Gradually the procession began to get itself organized, I’m not sure how. Miss Swan excused herself, and left me all alone in the crowd, stranger in a strange land, speaking less than a dozen polite Balinese phrases. Isolated and vulnerable, but . . . I liked the sensation. I liked it a lot. I was anonymous, yet part of something significant. I was alert, but detached, almost floating. If I’m not making much sense, not describing it well, here’s the even stranger part: the whole scene felt very familiar, and I felt very comfortable, at ease, safe, peaceful, happy. More than happy . . . ecstatic. What’s up with that? Well, never mind, I’ll think about it later.
One of the first “floats” in the parade was a bull’s head, not a paper-mache contraption, a real bull had been sacrificed.
Procession attendants (for lack of a more accurate term) shoved and coerced people into position. This is a good time to mention that the particpants were light hearted, laughing and fooling around. This was no somber, mournful affair, more of a cross between Chinese New Year, the homecoming parade, and a New Orleans jazz burial.
Dancers, reminding me of our own Native American kachina dancers, took their place.
Presiding over the funeral, two Brahmin priestesses were helped into litters and then lifted on the shoulders of strong young men.
Miss Swan returned with a surprise invitation. “They want to know if you want to help carry the tower?” I was astonished, and deeply honored, but I had to decline, sorrowfully. My lower back was giving me a lot of pain on that day. In a moment of clarity that surprised even me, Macho Man, I knew I would be a liability. That tower looked far too heavy for this gimpy guy. Too bad. Now that would have been a great bit for this article. Perhaps I should lie and say I did it. What do you think?
At last the funeral procession lumbered into motion, down the busy city street, scooters zipping by, men with long forked poles racing ahead to lift the power lines up high enough for us to scooch under.
Along the way another funeral procession, a light-weight, lower-caste affair, passed us like we were standing still.
Several city blocks later we turned into the cremation grounds, a park-like area with many large trees that provided shade for the hundreds of participants. Two, not one but two, full gamelan orchestras were taking turns providing music that I assume was appropriate to the occassion, but then, how would I know?
I found a place in the shade of the orchestra tent to watch the culmination of the event. Here we go. The body, looking like the Mummy in an old movie, was taken off the tower.
The tower itself was treated roughly, taken to one side and tipped over, later to be burned.
The body was carried over to the big black bull. Priests cut off the top of the bull and set it to one side.
The body was placed inside the bull then unwrapped from it’s many layers of shroud.

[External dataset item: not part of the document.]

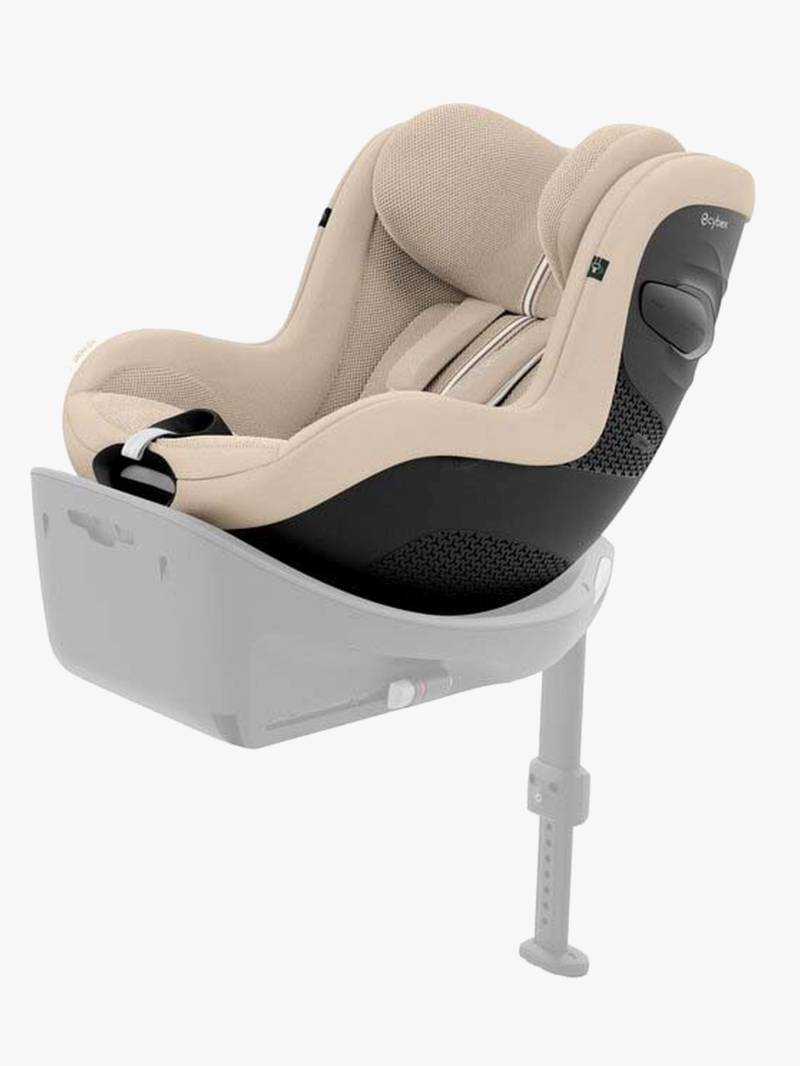 Cybex Sirona G3 i-Size Plus Kindersitz, Almond Beige Cybex Sirona G3 i-Size Plus Kindersitz, Almond Beige von Cybex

Priests and priestesses performed various rites over the body. Gifts, food, flowers, and other objects were placed inside the cavity with the corpse. This process took more than an hour with non-stop gamelan tunes to set the mood. Over to the side, a rowdy gambling game got underway among the young men, peals of laughter and excited shouts of lamentation and exultation, depending upon the roll of the dice. I found it dis-respectful and annoying. “Knock it off, guys, I’M TRYING TO BE HOLY!”
Large men stacked banana tree logs and firewood under the bull casket, and with a whoosh of a propane torch set the whole shebang on fire.

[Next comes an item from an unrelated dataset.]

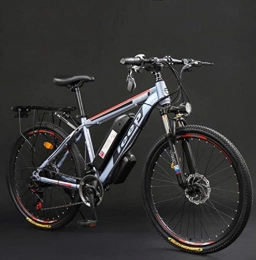 AISHFP Elektrofahrräder AISHFP Erwachsene 26 Zoll Electric Mountain Bike, 36V-Lithium-Batterie High-Carbon Stahl 27 Speed-Elektro-Fahrrad, mit LCD-Anzeige, C, 60KM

After a while the charred corpse fell out of the bottom of the bull. Cremation guys collected the ashes which were given to the family to be spread at sea.
As the pyre died down, the party broke up. I found Miss Swan who delivered me to a driver for my trip back to Ubud. He was not interested in playing tour guide, and I was happy to sit in the back seat, silent and contemplative, watching the rice paddies drift by the window.